# ATVs for logging purposes



## HandLogger (Jun 24, 2008)

Howdy all,

We own a large parcel of forest property in the Berkshires and are currently researching equipment to retrieve sawlogs in remote locations (at the bottom of relatively steep grades). The use of an ATV & fetching/forwarding arch has been highly recommended for this purpose, but I'm sure it's obvious that one can get themselves into a _"2nd mortgage project"_ very quickly this way.

Given the grades and distance we have to cover on our property, I believe the ATV is inevitable, so I guess it comes down to soliciting practical information from folks who have used their ATVs to fetch/skid/forward sawlogs from remote locations ... 

Given the recreational nature of ATVs, I realize that this system will have certain limitations (based on ATV frame strength alone). Nevertheless, I'm hoping that the ATV loggers out there might *suggest a good ATV to us*?

In addition, *I'd like to read some thoughts about fetching/skidding/forwarding arches*.

The LogRite/Future Forestry Products fetching arch looks like an outstanding product, but you certainly pay for the quality you get. *Does anyone know of a more afforable alternative out there*? At the end of the day, we don't need beautiful paint and graphics -- we need functionality. Therefore, I'd even consider having an arch fabricated if anyone knows of someone doing this kind of thing.

Thanks for your time ...


----------



## bowtechmadman (Jun 24, 2008)

http://www.arboristsite.com/showthread.php?t=63535&page=2
Try that thread there are plans there for building a log arch for ATV use.
I'd highly recommend an Arctic Cat TRV for pulling the arch especially if your climbing ravines etc...
I have a 400 Arctic Cat TRV and a 650 Arctic Cat TRV. The TRV has a longer wheel base and is considered a two up machine...second seat can be replaced w/ a box or rack if not carrying extra passenger. AC makes true workhorses and even offers a diesel in the TRV model. I haven't been on the diesel machine but understand it is a true workhorse. The diesel was offered in 08 and 07 but don't believe it's available for 09. I have no issue pulling anything w/ either my 400 or 650...the longer wheel base helps prevent tipping due to tongue weight of load especially when dealing w/ inclines.
Here is a link to the AC website http://www.arctic-cat.com/atv/dirt.asp?category=2-UP&model=TRV550H1EFI
Keep in mind ATV's are no different than chainsaws...everyone has a favorite brand.


----------



## HandLogger (Jun 24, 2008)

Thanks for your time and consideration, *BowTech*. 

Your words about how saw and ATV brand preference are usually analogous are well taken. On the other hand, I see that you're very diverse when it comes to saws, so I'm assuming that you're a fairly well-grounded person.

And in keeping with this, I can tell you that you're not the first to recommend Arctic Cat (AC) to us. In fact, a logger I know up in Vermont uses a couple of them to facilitate low-impact logging.
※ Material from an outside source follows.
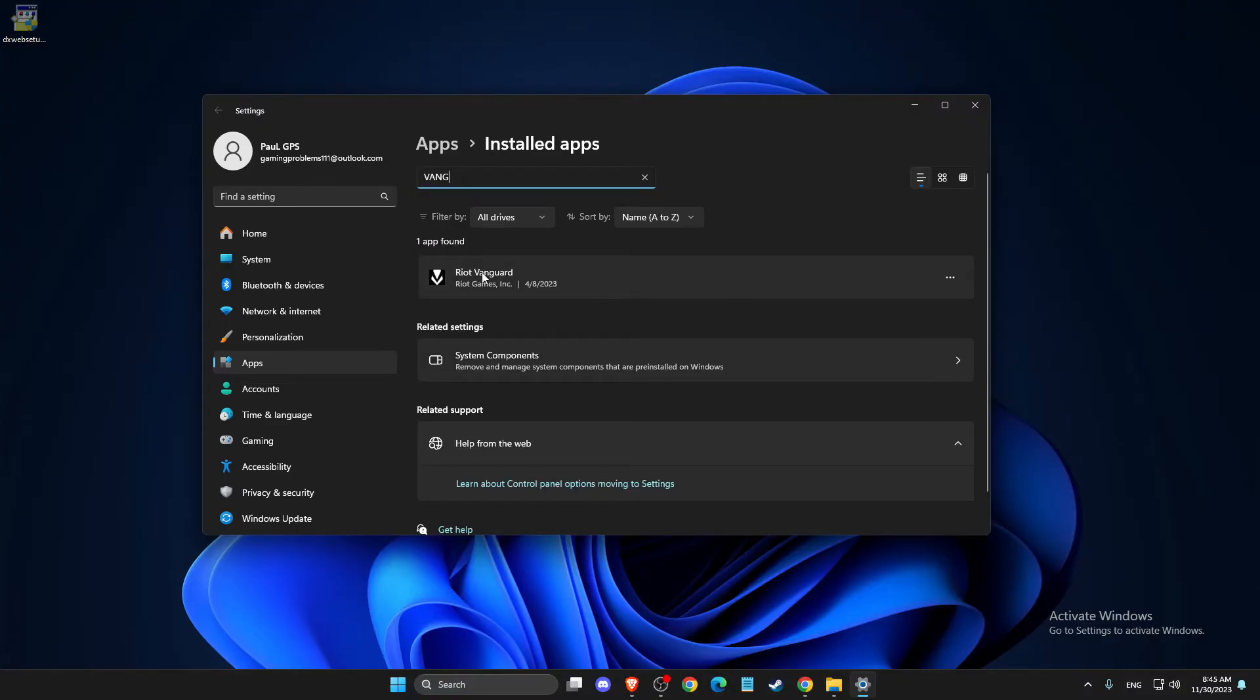As you can see, here is Riot Vanguard. Press on the dots, press uninstall, and then uninstall from here.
He doesn't actually own this particular model, but he told me that, _"If he had to do all over again,"_ he would go with the AC 500 with a manual transmission and a differential lock for the front end. The longer wheelbase of the 650 TRV sounds pretty ideal, *but what about the transmission issue?* Do you think the auto trans equipped models -- like the TRV550 you linked me to -- can hold up to this kind of thing?

I'm sure I'm not alone when it comes to concerns about value for money. In other words, if I lay out the chunk of money it will take to get a decent ATV, I'd like to think that good maintenance practices will render good reliability.

By the way, thanks very much for the link to the fabricated arch. 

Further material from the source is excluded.